For many decades, the Terminal was operated by two PMA members—Marine Terminals Corporation ("Marine") and its subsidiary, Miles Motor Transport System ("Miles")—whose stevedores were represented by the ILWU and whose mechanics were represented by the IAM.1 In 2002, Evergreen Marine Corporation acquired the right to operate the Terminal and then subcontracted the Terminal's operation to Marine and Miles. In 2012, Evergreen entrusted the Terminal's operation to its subsidiary, Everport, which again rehired Marine and Miles to run the Terminal. The same workforce remained at the Terminal—Marine and Miles continued using ILWU-represented stevedores and IAM-represented mechanics—and Everport had no direct relationship with these workers.

In 2015, dissatisfied with the state of the Terminal's operations, Everport resolved to operate the Terminal itself and informed Marine and Miles that their contract would end on December 4, 2015. Everport needed to hire stevedores from the ILWU to run the Terminal, so it joined the PMA in June 2015. Everport explored subcontracting the Terminal's mechanic work, but ultimately decided to employ the Terminal's mechanics directly.
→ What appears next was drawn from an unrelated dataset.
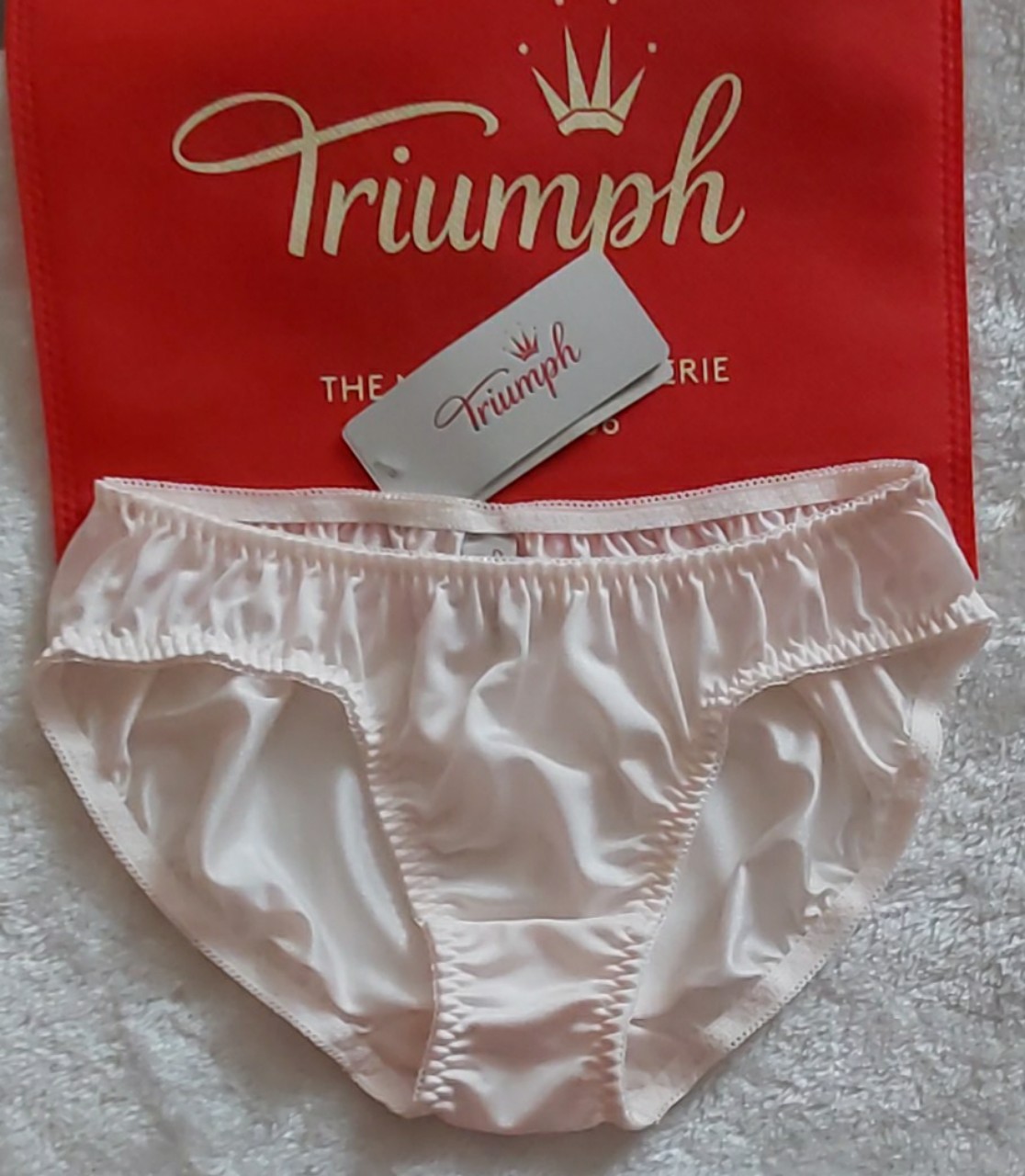 [HCM]Quần Triumph Blissy 09 mini Cạp thấp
The ILWU informed Everport that if it chose to employ its own mechanics, it would need to hire them from the local dispatch hall. "[T]he ‘red-circle’ waiver at the [Terminal] is fully based on the direct bargaining relationship between [Marine and Miles] and IAM," the ILWU explained. "Upon termination of the subcontracting relationship with [Marine and Miles ], the ‘red circle’ waiver no longer applies." After Marine and Miles ceased operations, the Terminal would become a "new marine terminal"—which the Longshore Contract defined to include "vacated facilities." As such, its red-circle status would lapse and the Terminal's mechanic jobs would come within the ILWU's jurisdiction. Therefore, according to the ILWU, Everport was obligated to hire its mechanics from the ILWU dispatch hall and, if necessary, through the Herman-Flynn process. The ILWU was clear that "failure to comply with the full terms of the [Longshore Contract] will result in the Union pursuing all available remedies."

Unsure of its obligations, Everport consulted the PMA, which corroborated the ILWU's reading of the Longshore Contract. According to the PMA, after Marine and Miles ceased operations at the Terminal, it would "no longer [be] a red-circle facility because Everport had no prior agreement with any union at the Terminal and the Terminal was [being] vacated." Based on the PMA and the ILWU's mutual understanding of their contract, Everport told the ILWU that "qualified [ILWU] workers will receive first consideration for steady mechanic jobs." Everport indicated that if vacancies remained after exhausting the pool of qualified ILWU applicants, it would try to rehire the mechanics currently working for Marine and Miles.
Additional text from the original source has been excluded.